The models/base/ directory contains:

• Base model class implementations
• Deployment scripts
• Shared utility functions

Important: When adding your own models or preprocessors, place them in their respective model directories to ensure proper Docker container access.

Once the environment is set up, you can deploy and test machine learning models on the Docker-based testbed.

1. Ensure Docker is running on your system.

2. Deploy the testbed using the startup.sh script:

   ./scripts/startup.sh

3. The testbed will automatically set up the environment and run DDoS detection using the pre-configured machine learning models.

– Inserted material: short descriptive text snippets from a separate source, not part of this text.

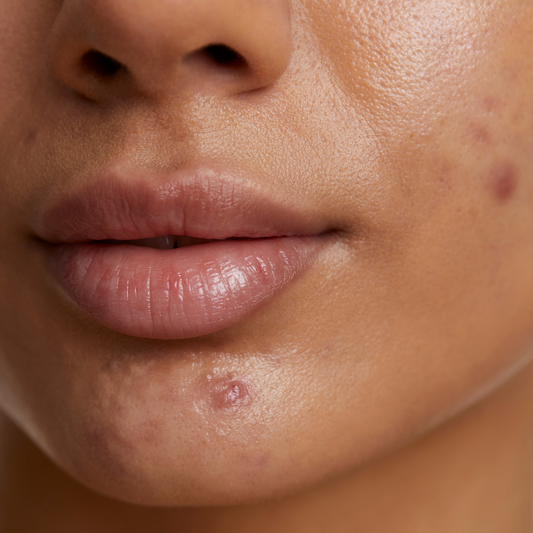 A acne na mulher adulta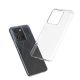 4. Ultra Clear 0.5mm Case for Vivo Y35 / Vivo Y22 / Vivo Y22s Thin Cover Transparent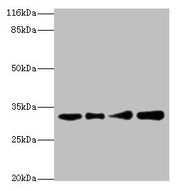 Western blot All lanes: RSU1 antibody at 2µg/ml Lane 1: Human placenta tissue Lane 2: Caco-2 whole cell lysate Lane 3: Jurkat whole cell lysate Lane 4: HepG2 whole cell lysate Secondary Goat polyclonal to rabbit IgG at 1/10000 dilution Predicted b...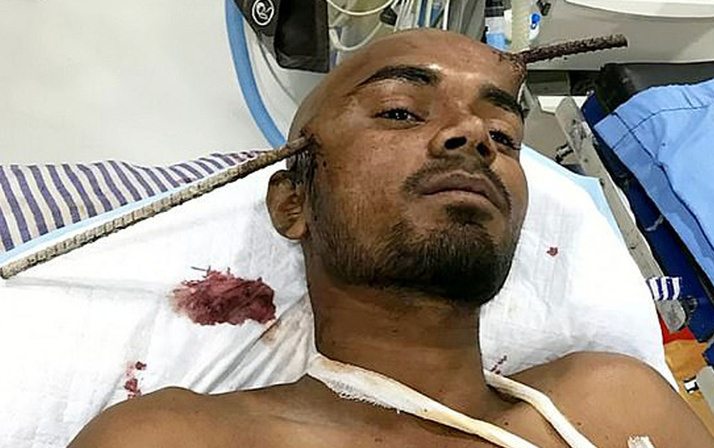 İşçinin başına demir saplandı! Doktorlar onu sağ görünce şaşırdı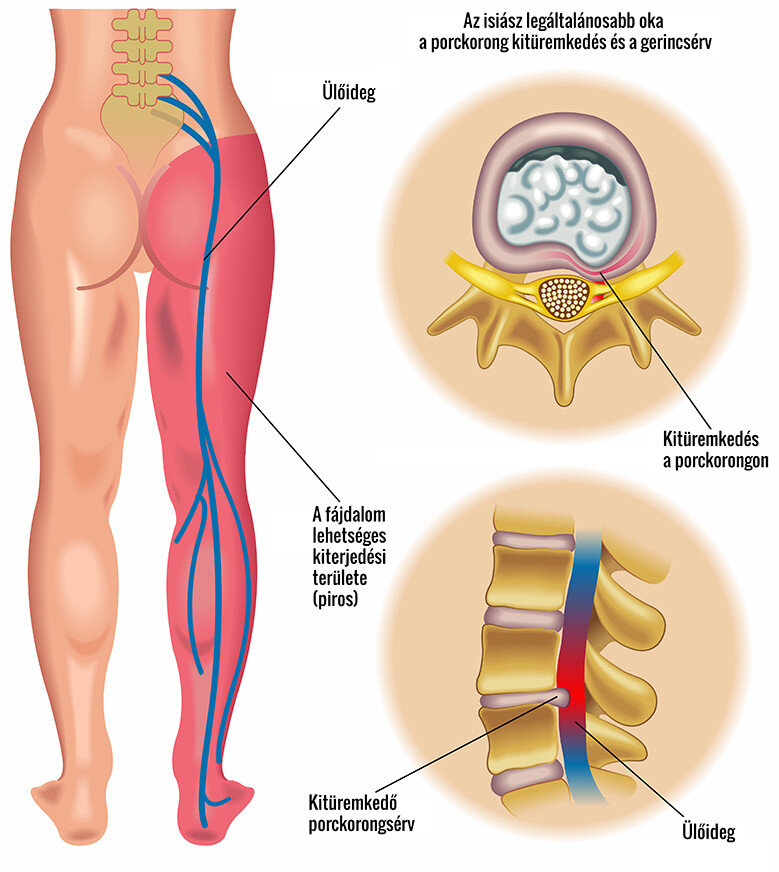 fájdalom és a csípőízület korlátozott mozgékonysága)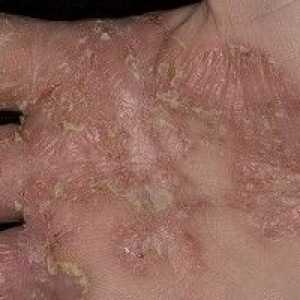 Eczeme pe mâini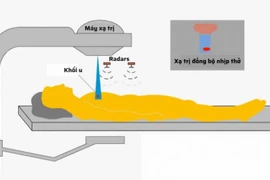 Đồng bộ nhịp thở, công nghệ xạ trị thông minh cho người bệnh ung thư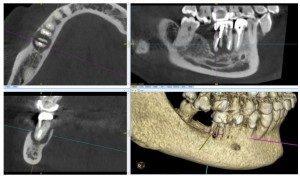 Le Cone Beam ou CBCT (Radiologie)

1. After the simulation complete, you can view the Suricata logs in generated logs/ directory.

2. Model predicitions and features will be saved in logs respective to the model directory in models/ directory.

3. The analysis/ directory contains scripts for analyzing the logs and generating reports.

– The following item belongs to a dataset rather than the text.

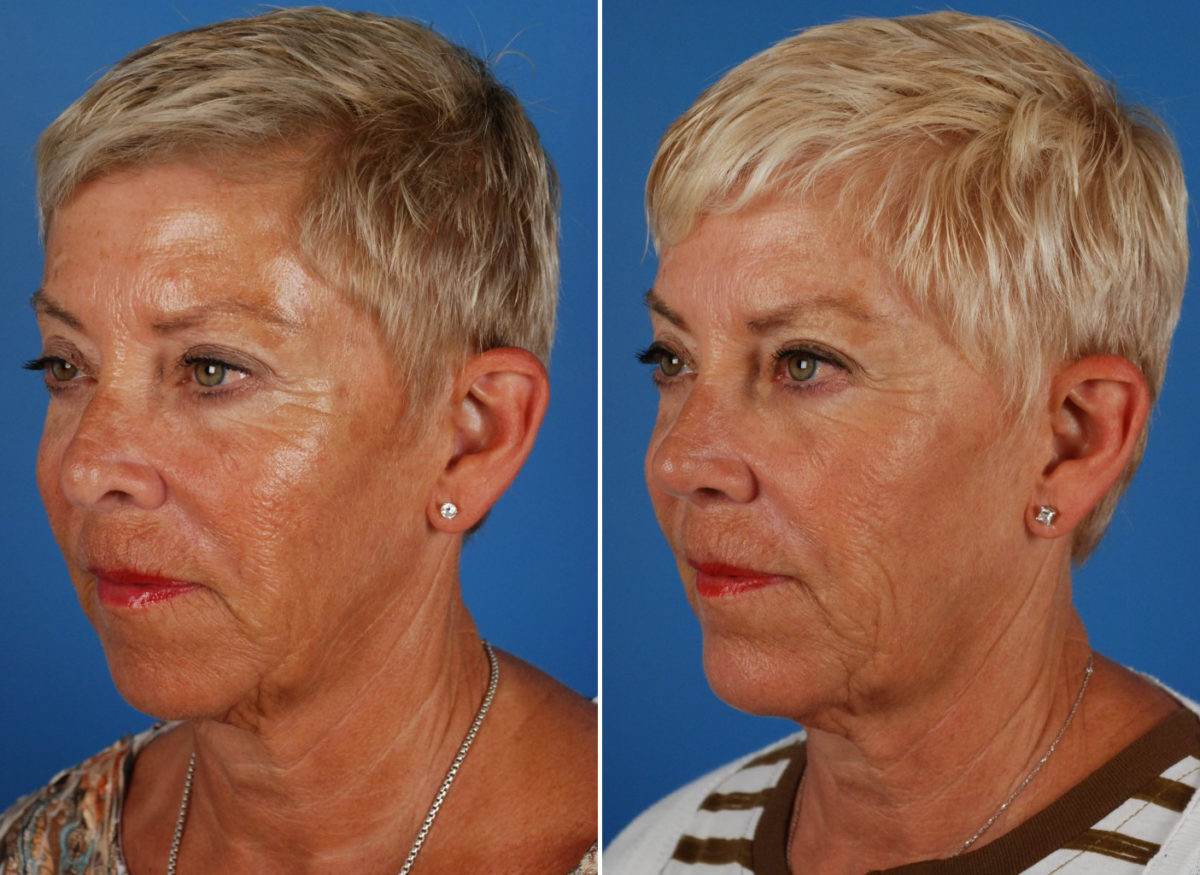 Revision Rhinoplasty Before and After Photos in Naples, FL, Patient 8619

4. Start with the one you need and you only need to input the file paths for the logs you want to analyze.

This project is licensed under the GNU License. See the LICENSE file for details.

Common issues and solutions:

• Docker Issues: Ensure Docker is running correctly, and all containers are built without errors.
• Model Prediction Errors: Ensure that the dataset provided is correctly formatted and compatible with the pre-trained models.

A new docker compose file: docker-compose.arm.ab.yml is included, which significantly leads to the nginx_web container having CPU usage of 100% or more.

This is due to the fact that the ab(apache benchmark) tool is used to generate a large amount of traffic to the nginx_web container. This is a great way to test the performance of the DDoS detection system in a controlled environment.